AJ Jacobs came into the habit of popping open a drink after a long, stressful shift in the Phoenix suburbs during his decade in police enforcement.

Jacobs claimed he didn’t spend much time with his family since he was a “super policeman” who had to work all the time.

He had a career-ending back injury after 11 years on the police, and resorted to cannabis to relieve the agony from five herniated discs in his back. He claims that marijuana helps him deal with his PTSD and that he recommends it to cops.

“I’d prefer them come home and smoke a joint to relax and deal with their lives and their feelings than drink that handle of Jack Daniels and then repress everything,” said Jacobs, who is now the secretary for Arizona NORML, a national marijuana advocacy organization. 

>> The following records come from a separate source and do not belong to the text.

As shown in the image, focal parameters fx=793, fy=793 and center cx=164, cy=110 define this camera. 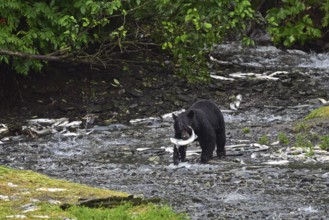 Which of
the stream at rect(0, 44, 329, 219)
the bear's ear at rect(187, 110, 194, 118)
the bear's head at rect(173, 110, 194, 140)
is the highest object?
the bear's ear at rect(187, 110, 194, 118)

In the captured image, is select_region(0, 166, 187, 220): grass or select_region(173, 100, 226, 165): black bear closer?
select_region(0, 166, 187, 220): grass

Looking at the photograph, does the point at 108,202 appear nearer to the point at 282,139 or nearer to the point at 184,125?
the point at 184,125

In Arizona, police officers are not permitted to ingest marijuana, either recreationally or medicinally, therefore some of Jacobs’ former coworkers are unable to participate in the same way he does. More states, according to Jacobs, should follow New Jersey’s path. Acting Attorney General Matt Platkin recently reminded law enforcement commanders that the recreational marijuana statute in New Jersey allows officers to use it off duty.

While marijuana supporters around the country rejoice, claiming that the legislation would end the stigma surrounding the substance and help authorities to better understand it, certain communities in New Jersey are saying no way. Local officials in Jersey City, Wood-Ridge, Toms River, Kearny, Woodland Park, and elsewhere have announced that local cops would not be allowed to use cannabis either on duty or off. 

Gov. Phil Murphy, who signed the state’s recreational marijuana bill four years after promising to make cannabis legal, has indicated he’s “open-minded” considering changing the law to cut out police officers, as a rising number of politicians on both sides of the aisle share similar worries. 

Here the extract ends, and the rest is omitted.